Dressed in a ``Mao suit'' and black cotton slippers, Li Xiangrui appeared to be a people's banker, ready to crack the monopoly of the Bank of China and other state banks. As president of the Bank of Communications, reopening today, he and his staff have been working quietly to pioneer modern banking in China. He discussed his hopes for the country's boldest financial experiment at his new headquarters in Shanghai's old financial district at No. 200 Jiujiang Rd.
``Reestablishing the Bank of Communications both promotes financial reform and is the product of financial reform,'' Mr. Li said. ``The state's specialized banks have had specialized monopolies; we want to break the old system.''
First established in 1908, the Bank of Communications ceased operations after the Communists came took power in 1949, except for a branch still active in Hong Kong. In 1984, Premier Zhao Ziyang personally ordered a revival of the bank and a restructuring that permits it to offer more comprehensive services than any other bank in China. Observers here say the bank could become the most powerful financial institution in the country.
``The scope of our business is quite wide,'' Li said. It includes accepting deposits in renminbi and foreign-exchange certificates, the two kinds of currency used in China. The bank may also accept deposits from Chinese living overseas, handle both banking and nonbanking business, and make loans to foreign companies, as well as Chinese enterprises. Along with six other Shanghai institutions, it may publicly trade shares issued by local enterprises.
As Li spoke, dust and the noise of hammers and drills drifted through the door of the reception room. Workmen were busy restoring the handsome interior - with crystal chandeliers and marble staircases - of what more than four decades ago was Shanghai's Jincheng (``King City'') Bank building.
Li will need all the skills learned from his 40 years in the banking business to survive. Appointed as president and chairman of the board by the State Council (China's Cabinet) in January, he is also president of the Shanghai branch of the People's Bank of China, the country's central bank. But he said he will soon resign from that post to take on his new responsibilities full time.
He described the Bank of Communications as a ``comprehensive socialist bank'' that would promote horizontal economic relations in an industry that has operated exclusively from the top down. The head office was recently moved from Peking to Shanghai, and Li said this would help reestablish Shanghai as a financial and economic center.

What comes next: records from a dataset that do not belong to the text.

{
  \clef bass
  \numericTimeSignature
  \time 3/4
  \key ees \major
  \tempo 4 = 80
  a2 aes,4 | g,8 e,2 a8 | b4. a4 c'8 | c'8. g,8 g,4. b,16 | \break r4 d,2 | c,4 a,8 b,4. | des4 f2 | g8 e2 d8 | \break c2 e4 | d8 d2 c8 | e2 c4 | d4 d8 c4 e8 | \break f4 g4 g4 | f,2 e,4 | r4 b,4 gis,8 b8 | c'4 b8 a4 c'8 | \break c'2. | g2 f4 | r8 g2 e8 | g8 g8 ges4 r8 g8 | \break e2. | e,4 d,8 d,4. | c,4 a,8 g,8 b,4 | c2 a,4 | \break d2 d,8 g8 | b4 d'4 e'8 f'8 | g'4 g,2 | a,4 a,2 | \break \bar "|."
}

``The old banks are not suited to China's economic reforms.... The trend of financial reform is that an enterprise can choose its bank, and a bank can choose the enterprise,'' Li said. The Bank of Communications overlaps with the functions and markets of other banks and has already begun competing with them for major accounts.
China's specialized state banks are assigned fixed markets. These include the Industrial & Commercial Bank serving industrial enterpises and urban businesses, the Agricultural Bank specializing in rural business, and the Construction Bank that invests in capital contruction projects. Until last year, only the Bank of China was allowed to handle foreign-exchange accounts, monopolizing the most sought-after banking business.

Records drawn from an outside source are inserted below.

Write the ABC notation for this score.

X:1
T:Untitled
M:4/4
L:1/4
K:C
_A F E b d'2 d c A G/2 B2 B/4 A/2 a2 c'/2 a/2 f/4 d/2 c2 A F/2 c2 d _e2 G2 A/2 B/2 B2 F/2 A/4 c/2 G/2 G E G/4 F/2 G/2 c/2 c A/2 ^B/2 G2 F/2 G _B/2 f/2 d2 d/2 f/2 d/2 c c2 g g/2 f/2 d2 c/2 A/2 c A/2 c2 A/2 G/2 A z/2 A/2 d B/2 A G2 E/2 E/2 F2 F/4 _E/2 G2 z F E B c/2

After a period of trial operations that began late last year, the Bank of Communications has opened some 500 new accounts, with deposits of more than 1 billion renminbi ($270 million), including foreign-exchange holdings worth several tens of millions of dollars. Officials at the bank's first branch office in Nanking said they have received more than 100 account applications, including several from the largest state enterprises in the area.
Unlike other banks, the Bank of Communications is authorized to open offices anywhere in the country. Li hopes eventually to have 20 domestic branches, though the first year he will concentrate on Shanghai and the nearby provinces.
Shanghai observers say that Li and his managing director, Gu Shuzhen, have gathered together a remarkable group of financial strategists and bankers. They say the bank is the ``leading edge'' of real financial reform and that it is a much more important innovation than Shanghai's so-called stock market or the limited bond trading now permitted in Shenyang and some other cities which grabbed headlines last year.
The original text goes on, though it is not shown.